Extended Data Figure 4.

(a) The magnitude of the energetic effects of mutations (light colors) and mismatches (dark colors) is similar. The effects were computed for all 7 proteins with available calibration data in our study, and for a total of 12 DNA sites (Methods). The effects of mismatches were calculated relative to the two closest Watson-Crick sequences (e.g. for a G-T mismatch the closest Watson-Crick base pairs are G-C and A-T; the mismatch plots include both ΔΔG(G-C -> G-T) and ΔΔG(A-T -> G-T)).

(b) Mismatches and their corresponding mutations have different, even opposite effects on TF binding. Each mutation is compared to the two closest mismatches (e.g. G-C -> A-T is compared to both G-C -> A-C and G-C -> G-T).
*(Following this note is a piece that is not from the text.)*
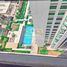 1 Bedroom Apartment for sale at Marina Blue Tower, Marina Square, Al Reem Island, Abu Dhabi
Upper left quadrant: mutations increase binding, mismatches decrease binding. Upper right quadrant: both mutations and mismatches decrease binding. Lower left quadrant: both mutations and mismatches increase binding. Lower right quadrant: mutations decrease binding, mismatches increase binding. X-axis and Y-axis show calibrated binding measurements computed from the median SaMBA signal intensities (over n=10 replicate spots).

(c) Comparing the effect of mutations versus the cumulative effects of the two closest mismatches. Points close to the diagonal correspond to cases where the effect of the mutation is approximately equal (within experimental noise) to the sum of the effects of the two mismatches. Points above the diagonal correspond to cases where Watson-Crick mutations have either a more beneficial or a less detrimental effect on TF binding compared to the cumulative effect of the two mismatches. Points below the diagonal correspond to cases where Watson-Crick mutations have either a less beneficial or a more detrimental effect on TF binding compared to the cumulative effect of the two mismatches. X-axis and Y-axis show calibrated binding measurements computed from the median SaMBA signal intensities (over n=10 replicate spots). Please see Supplementary Table 4 for the raw binding data used to compute the measurements shown in this figure.